Danger
Nothing here should be used for any security purposes.
Birthday Paradox Computations¶
This module is imported with:
import toy_crypto.birthday
The classic Birthday problem example is to estimate the number of individuals (whose birthdays are uniformly distributed among 365 days of the year) for there to be at least a 0.5 probability of there being at least one pair of individuals who share the same birthday.
The function that returns a propbably is named P()
,
and the one that returns a quantile is named Q()
.
This follows the R conventions
[RCTeam24]
as reflected in R’s qbirthday
and pbirthday
functions.
from toy_crypto import birthday
computed_n = birthday.Q(0.5, 367)
print(computed_n)
23
Birthday computations are useful for computing collision probabilites.
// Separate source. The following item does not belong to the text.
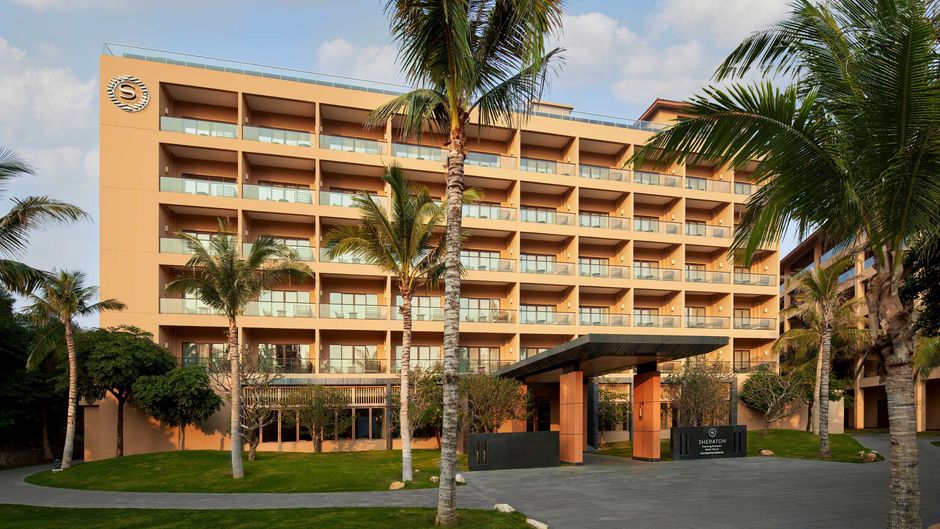Sheraton Maoming Romantic Beach Resort Exterior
Suppose you had a hash function (truncated to ) returning 32 bit hashes and you wished to know the probability of a collision if you hashed ten thousand items.
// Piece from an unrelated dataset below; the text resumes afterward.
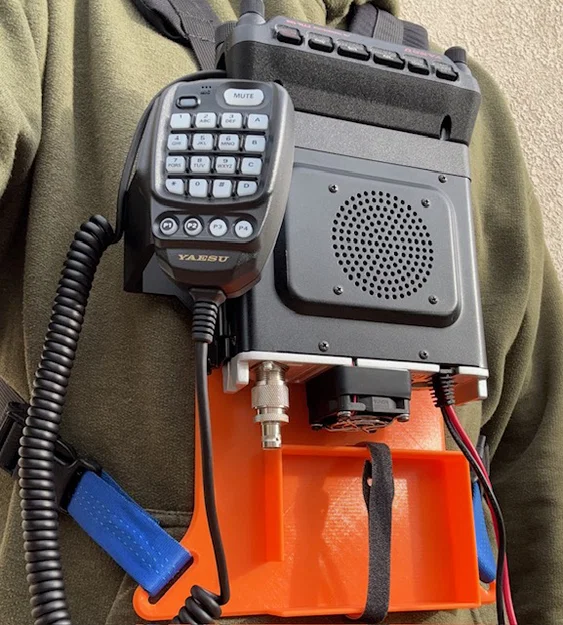 Giá đeo ngực cho bộ đàm Yaesu FTM-150R - Image 1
from toy_crypto import birthday
from math import isclose
n = 10_000
c = 2 ** 32
p = birthday.P(n, c)
assert isclose(p, 0.011574013876)
The birthday
functions¶
- toy_crypto.birthday.EXACT_THRESHOLD = 1000¶
With auto mode, the threshold for using exact or approximate modes.
- toy_crypto.birthday.MAX_QBIRTHDAY_P = 0.99999999¶
Maximum probability that Q can handle.
- toy_crypto.birthday.P(n: int, classes: int = 365, coincident: int = 2, mode: str = 'auto') Prob [source]¶
probability of at least 1 collision among n individuals for c classes”.
The “exact” method still involves floating point approximations and may be very slow for large n.
- toy_crypto.birthday.Q(prob: float = 0.5, classes: int = 365, coincident: int = 2) int [source]¶
Returns minimum number n to get a probability of p for c classes.
- Raises:
ValueError – if
prob
is less than 0 or greater than 1.ValueError – if
classes
is less than 1.ValueError – if
coincident
is less than 1.
- Parameters:
- Return type:
Implementation ported from R¶
It was not a simple matter for me to find or construct an algorithm that produces reasonable approximations in a reasonably efficient way for the ranges of numbers I wished to consider. Eventually I found the solution used by R Core Team [2024] in R’s birthday.R source, which credits Diaconis and Mosteller [1989].
My port of that implementation to Python only changes the conditions underwhich the approximate method is used along with some internal variable naming and commenting to help me better understand the algorithm and its implementation.